Once ready, for each terminal, you should see a REST server running on http://0.0.0.0:5000 of the container.

You are now ready for the next step.

## Configurations

### A. Configuring `Synergos Simulator`

All hosts & ports have already been pre-allocated!

Refer to [this](https://github.com/aimakerspace/synergos_simulator) for all the pre-allocated host & port mappings.

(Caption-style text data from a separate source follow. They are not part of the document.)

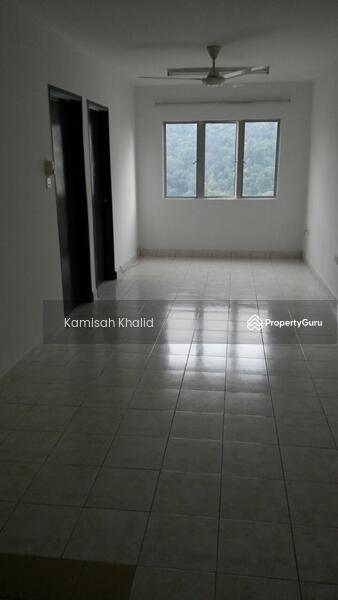 Untuk Disewa - Flora Damansara Flat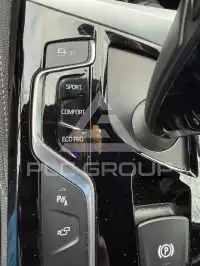 2018 BMW 550M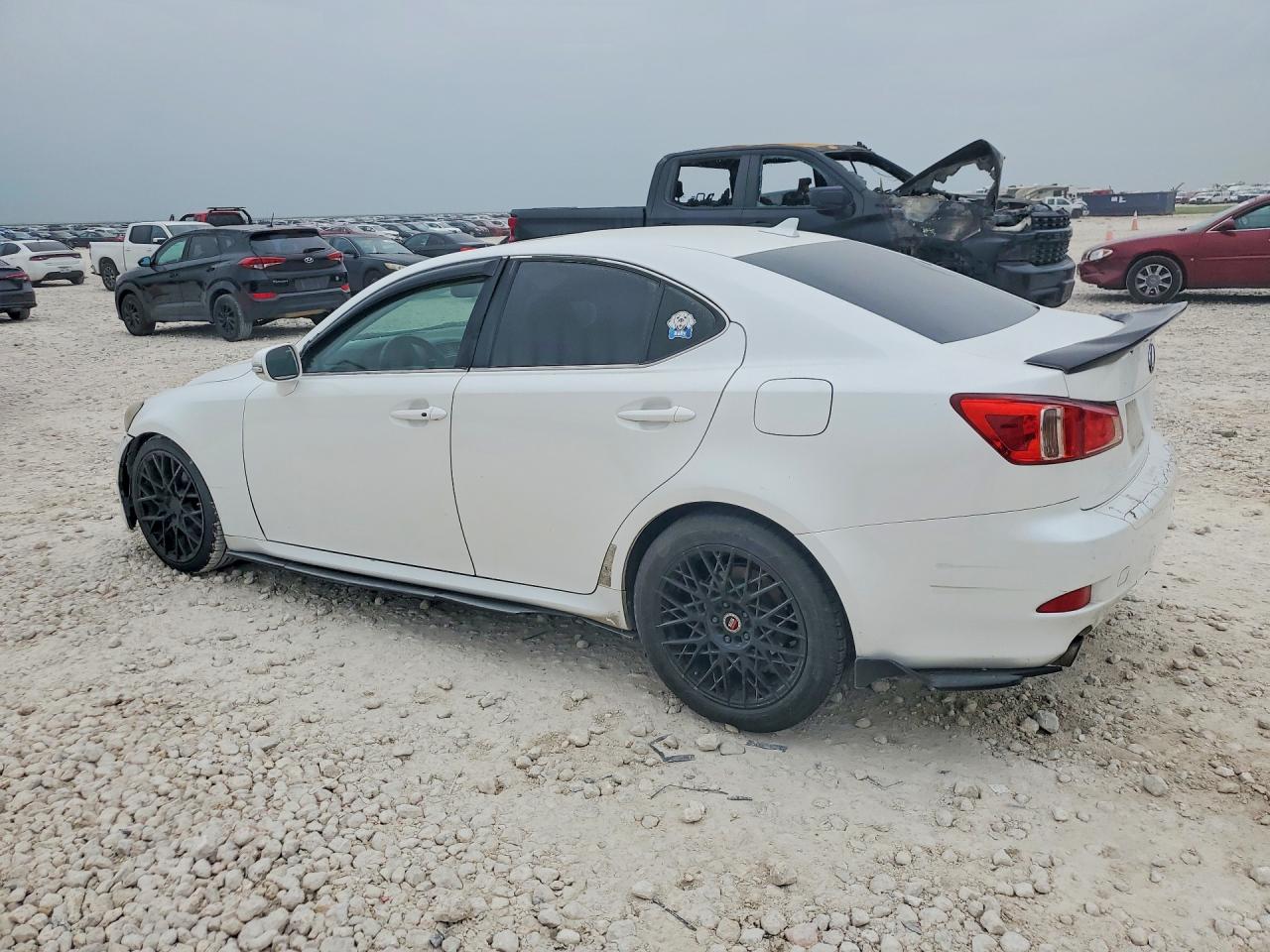 Lexus Is 250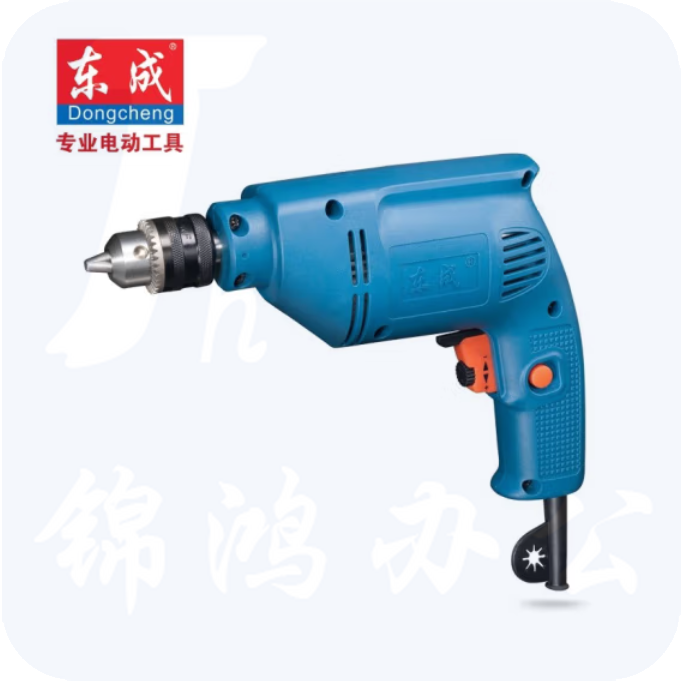 东成 手电钻/手枪钻 J1Z-FF-10A(300W)正反转可调速电动螺丝刀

### B. Configuring your manual setup

In a new terminal, run `docker inspect bridge` and find the IPv4Address for each container. Ideally, the containers should have the following addresses:
- director address: `172.17.0.2`
- Sub-Grid 1
  - ttp_1 address: `172.17.0.3`
  - worker_1_n1 address: `172.17.0.4`
  - worker_2_n1 address: `172.17.0.5`
- Sub-Grid 2
  - ttp_2 address: `172.17.0.6`
  - worker_1_n2 address: `172.17.0.7`
  - worker_2_n2 address: `172.17.0.8`
- UI address: `172.17.0.9`
- Logger address: `172.17.0.14`
- MLOps address: `172.17.0.15`
- MQ address: `172.17.0.16`

If not, just note the relevant IP addresses for each docker container.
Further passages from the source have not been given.